§ DESCRIPTION OF THE TASK:
Return each line of the data below verbatim; pictures are to be left out.
(COLLECTED DATA begins)
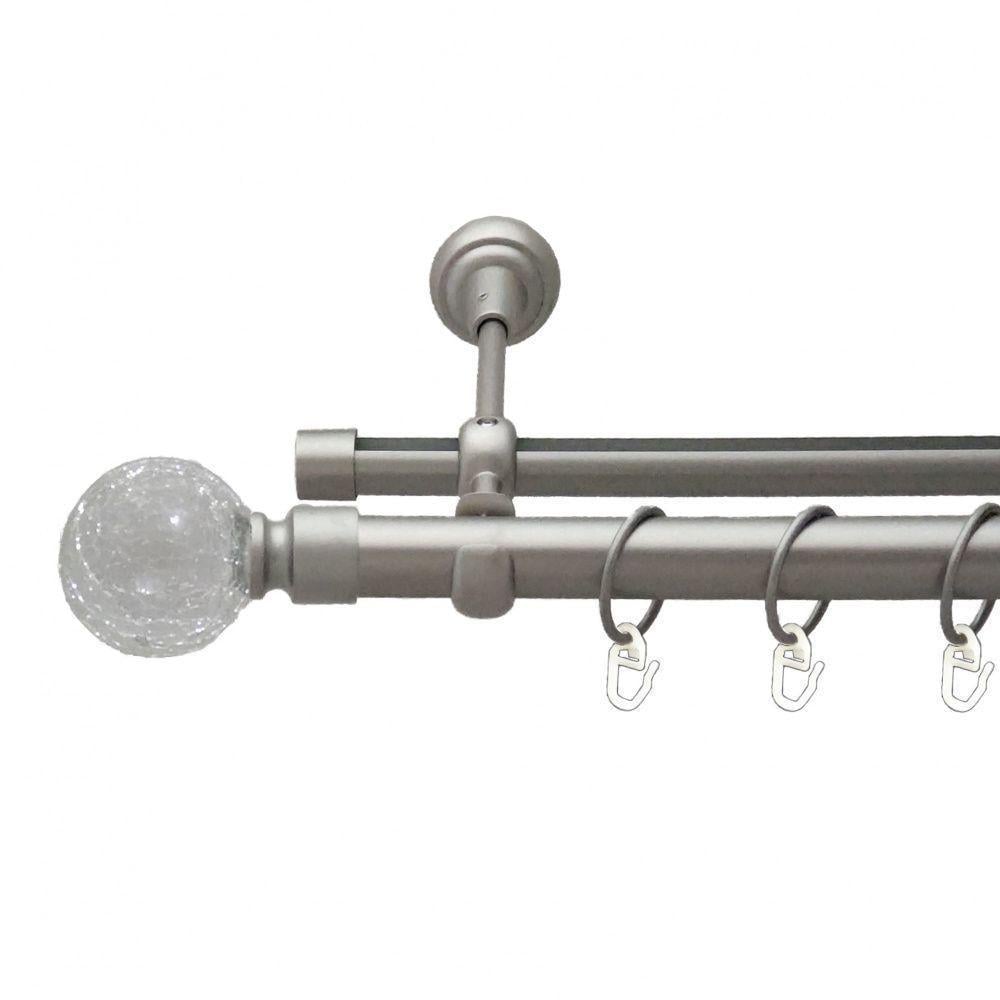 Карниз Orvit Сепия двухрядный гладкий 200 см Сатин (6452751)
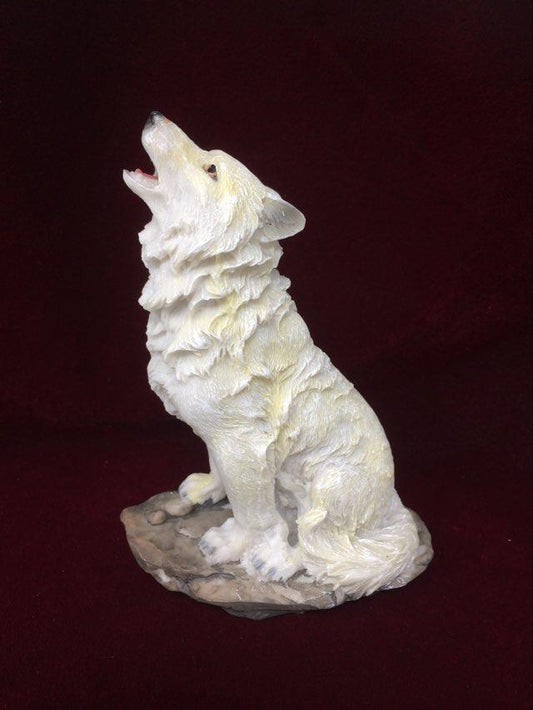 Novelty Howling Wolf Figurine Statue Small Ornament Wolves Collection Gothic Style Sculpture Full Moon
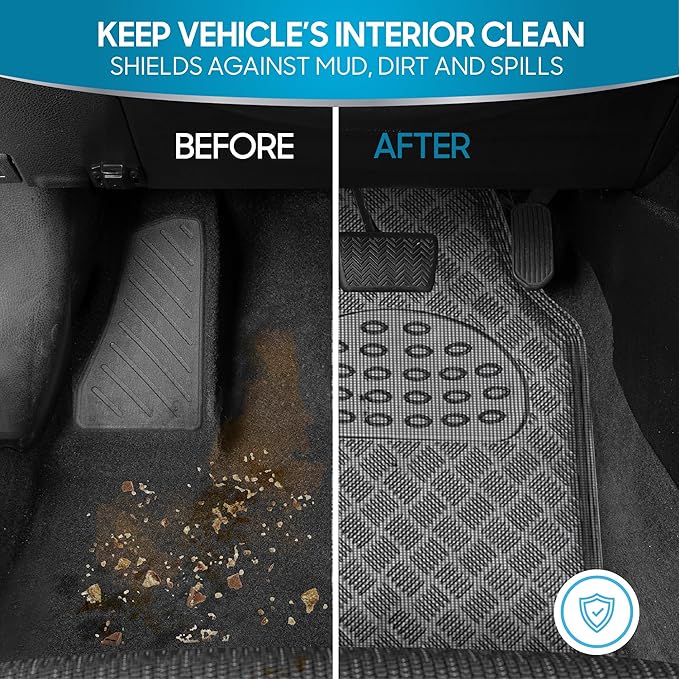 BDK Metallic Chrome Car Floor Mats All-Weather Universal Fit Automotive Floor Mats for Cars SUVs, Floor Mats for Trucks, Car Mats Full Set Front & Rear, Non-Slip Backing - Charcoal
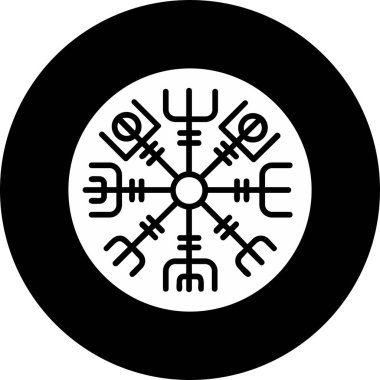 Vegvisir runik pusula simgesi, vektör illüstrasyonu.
(COLLECTED DATA ends)
§ RESPONSE TO THIS EXERCISE:
 Карниз Orvit Сепия двухрядный гладкий 200 см Сатин (6452751)
 Novelty Howling Wolf Figurine Statue Small Ornament Wolves Collection Gothic Style Sculpture Full Moon
 BDK Metallic Chrome Car Floor Mats All-Weather Universal Fit Automotive Floor Mats for Cars SUVs, Floor Mats for Trucks, Car Mats Full Set Front & Rear, Non-Slip Backing - Charcoal
 Vegvisir runik pusula simgesi, vektör illüstrasyonu.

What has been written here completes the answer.